"I remember this river," the old-fashioned man began most of his stories. His hand, blackened from the Jericho sun, would be raised above his eyebrow to shield his eyes. "It divide [i]or[/i] sever s through these hills like the soft strokes of a swimmer and splinters most distant like them tiny veins upon the back of your hand. Lord, I remember this river." He'd lower his hand and direct the eye down at me to behold if I was paying attention. At ten I was a great deal of too young to comprehend the significance of anything my grandfather said, on the contrary I liked to hear him talk. His stories, his voice, gave me a feeling of security in an otherwise confusing world.
In the summer of 1950 my father sent me down to Jericho from Philadelphia to stay with my grandfolks. He, too, believed that we would prostrate one day. He was of long date then, nearly sixty-five. And while he none thought that he would live to diocese the day, he knew that I would. He figured that, in order for me to individual day understand how far I had originate I needed to know where we had started. In his mind, Jericho was as beneficial a starting place as any.
At the time, I didn't know to what end my father would send me to of that kind a God-forsaken place. What I did know was that, when me and the old-fashioned man went into Woolworth's to have a hotdog, we had to eat it way back by dint of the kitchen, not at the contrariwise like everybody else. Our rootbeer didn't take rise in the big frosty mug I had seen forward the counter, but in paper chalices Our hotdogs were served onward napkins instead of plates. I didn't mind because the aged man didn't seem to mind. He just wanted me to have anything this world had to tender and would have endured the two hell and high water to descry that I got it. Me I fancy that we must have done something pleasing without being striking bad to deserve that kind of treatment.
The of long date man took me down on the riverside almost every day. It was the no other than place where he was without mincing the matter happy. We would fish and swim until the light went down. Then we would walk the mile or in the way that along the dirt road back to the house. The of advanced age man owned his own land. He couldn't voice but he was a land-holding citizen. Anybody who tried to take that away from him would have had better fate someplace else. He didn't play when it came to his inalienable rights, especially the right to bear arms. Gramma may not have liked having a fire-arm in her house, her being a Christian woman and all, further somewhere she understood that all the praying in the world could not change the world. for a like reason she let him be.
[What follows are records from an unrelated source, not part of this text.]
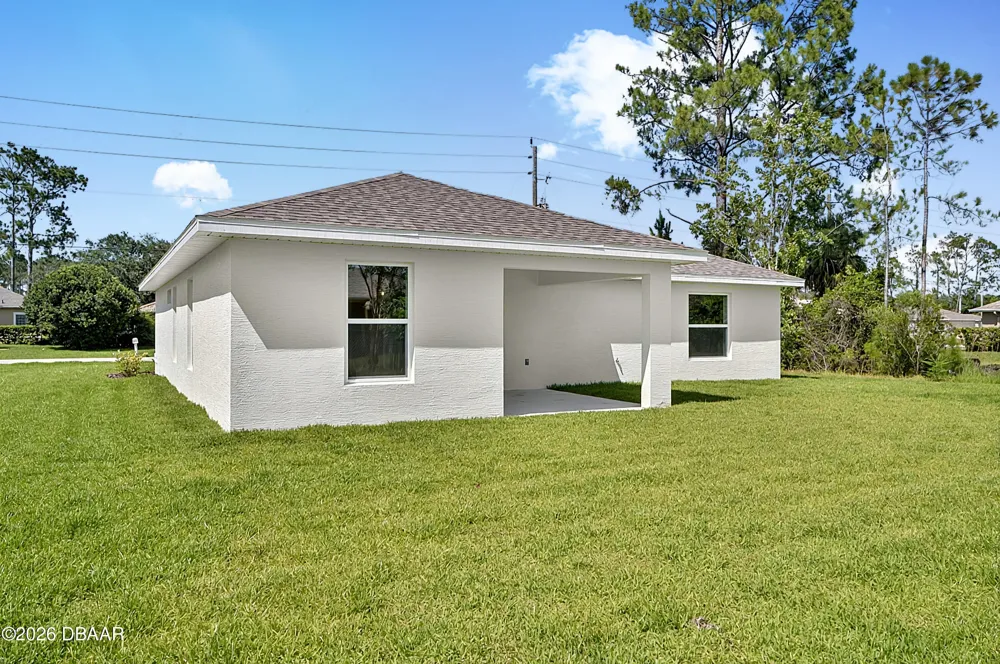 35 Palm Leaf Lane Palm Coast, FL 32164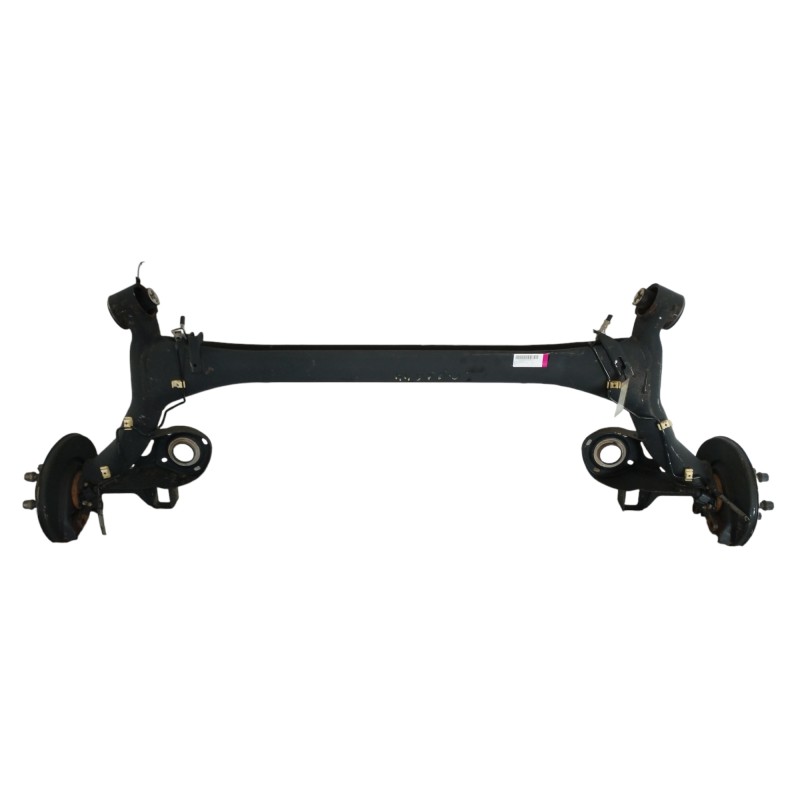 Recambio de puente trasero para seat ibiza (6j5) 1.6 tdi referencia OEM IAM 6R0500051  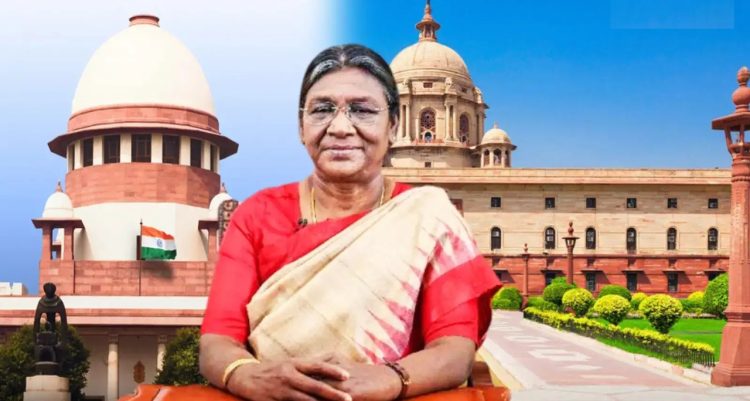 सुप्रीम कोर्ट 22 जुलाई 2025 को राष्ट्रपति द्वारा संविधान के अनुच्छेद 143 के तहत मांगे प्रेसिडेंशियल रेफरेंस पर करेगा सुनवाई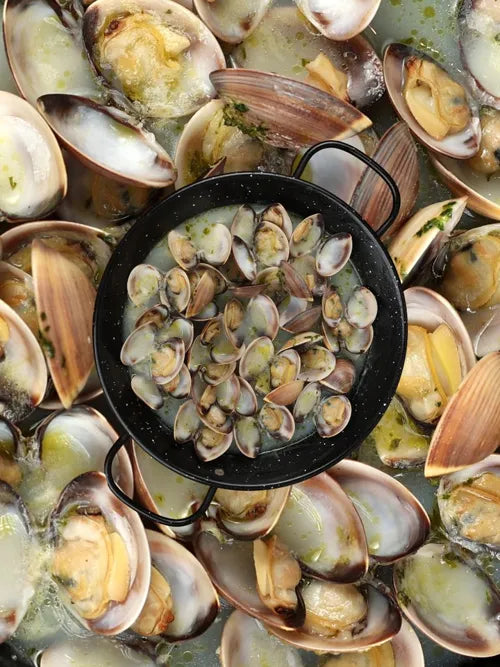 Vongole di La Roda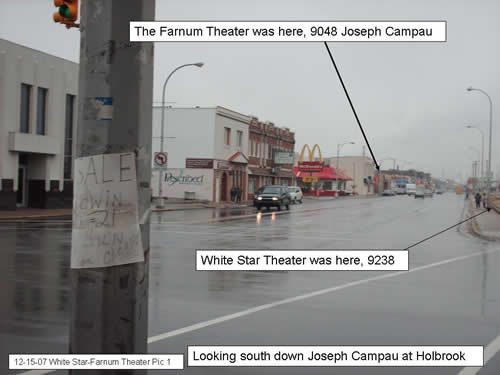 Farnum Theatre - From John Nowak (newer photo)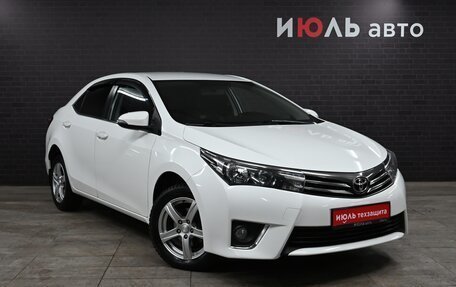 Toyota Corolla, 2013 год, 1 465 000 рублей, 3 фотография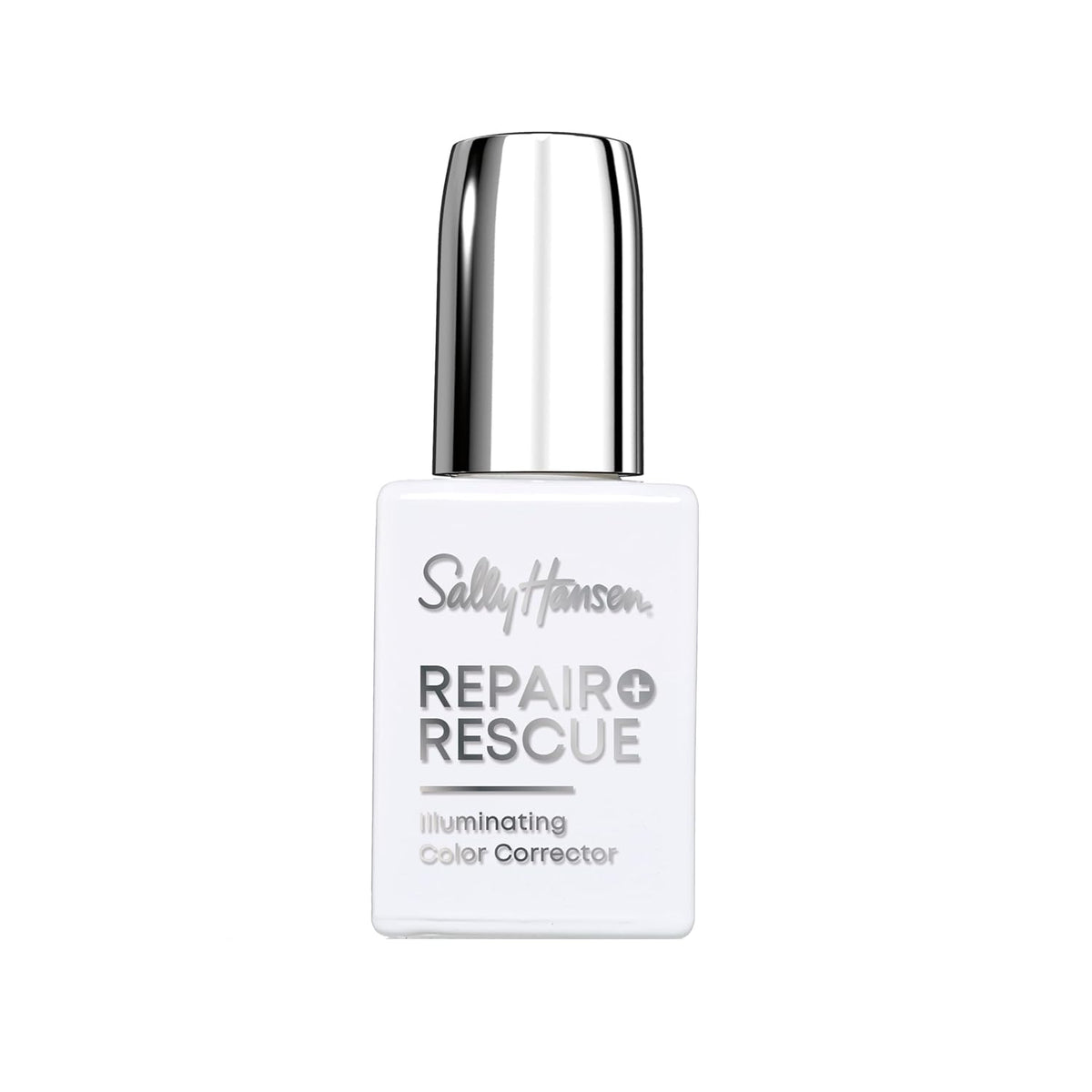 Sally Hansen® Repair + Rescue, Illuminating Color Corrector, Reduce Discoloration, Brighten Nails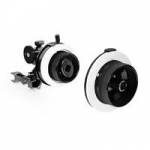 ARRI KK.0005762 (KK0005762) Mini Follow Focus MFF-2 Cine Standard/Hard Stop Set includes Mini Follow Focus MFF-2 Cine Base, Standard Focus Knob Left, Hard Stop Focus Knob Universal & Metric Module Gea ARRI KK.0005762 (KK0005762) Mini Follow Focus MFF-2 Cine Standard/Hard Stop Set includes Mini Follow Focus MFF-2 Cine Base, Standard Focus Knob Left, Hard Stop Focus Knob Universal & Metric Module Gea
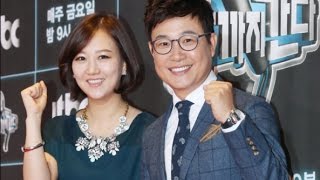 ★김성주-장윤정, JTBC 예능 '끝까지 간다'서 MC 호흡★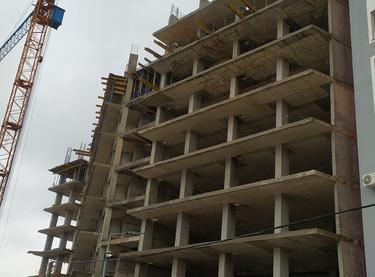 Статус будівництва ЖК НАУКИ 4 Будинок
Gramma would have our plates waiting for us forward the big, black potbelly stove when we got family circle She went to her meetings almost each night around sundown. The advanced in years man would kid her on saying something like, "Don't you think Jesus has more to do than sit up and listen to you wailin' each night?" She wouldn't pay him any mind. She notion that if she asked, she would receive. She knew she wouldn't always receive, no other than when she prayed just right. What she didn't know, and what my grandfather didn't number her, was that praying really didn't have anything to do with it. All she had to do was believe that the Spirit being called immediately after was the Spirit within her avow breast. Had she known that, her prayers would at no time have gone unanswered.
My grandfather in no degree said a word of that to Gramma. He study that she would never believe him because her religion kept her from veritable understanding." As long as she's b'lievin' in another man's book" the antique man would say," she'll not ever learn to b'lieve in herself." That wasn't the sole reason he wouldn't tell her. The real reason was Mose She in no degree believed in Mose.
Mose was my grandfather's grandfather, as well as the bring under rule of his favorite story. He, like the old-fashioned man, lived in Jericho all of his life, nevertheless he wasn't from there. He was born in a small town individual hundred miles north of Jericho called Logo The advanced in years man seemed to think that was to what end Mose was so special. He would recount me the story of Mose each time we were down by the agency of the riverside. And though I knew the words to the story by dint of heart at the end of the summer I in no degree could tell it like the olden man. I remember the first time he told it like it was yesterday.
"Long before they inflict that interstate up there," he said pointing above his head to the do-nothing of passing automobiles coming from the of the present day highway, "there didn't used to be anything up there further hills and sky. That's in what manner Mose liked it. This here was the prettiest part of the river. In the springtime, couldn't papal court nothing but cherry blossoms for almost a mile. It was something else"
He sat down along the riverside and paddled his feet in the water. His feet were rusty from always going barefoot. I sat down nearest to him and tried to splash my feet around in the water too. I had my pants turn abouted up a little past my knee flat though I knew my leg were too short to acquire near that much water. My leg were too short on the same level to get my toes wet. I kept trying nevertheless stretching my feet down below me with my arms back onward the ground for support. I reached too far, the territory gave way, and I malicious in.
"You might as well stay in there a while and procure yourself fresh. Get some of that corruption from that city life disclosed of your soul."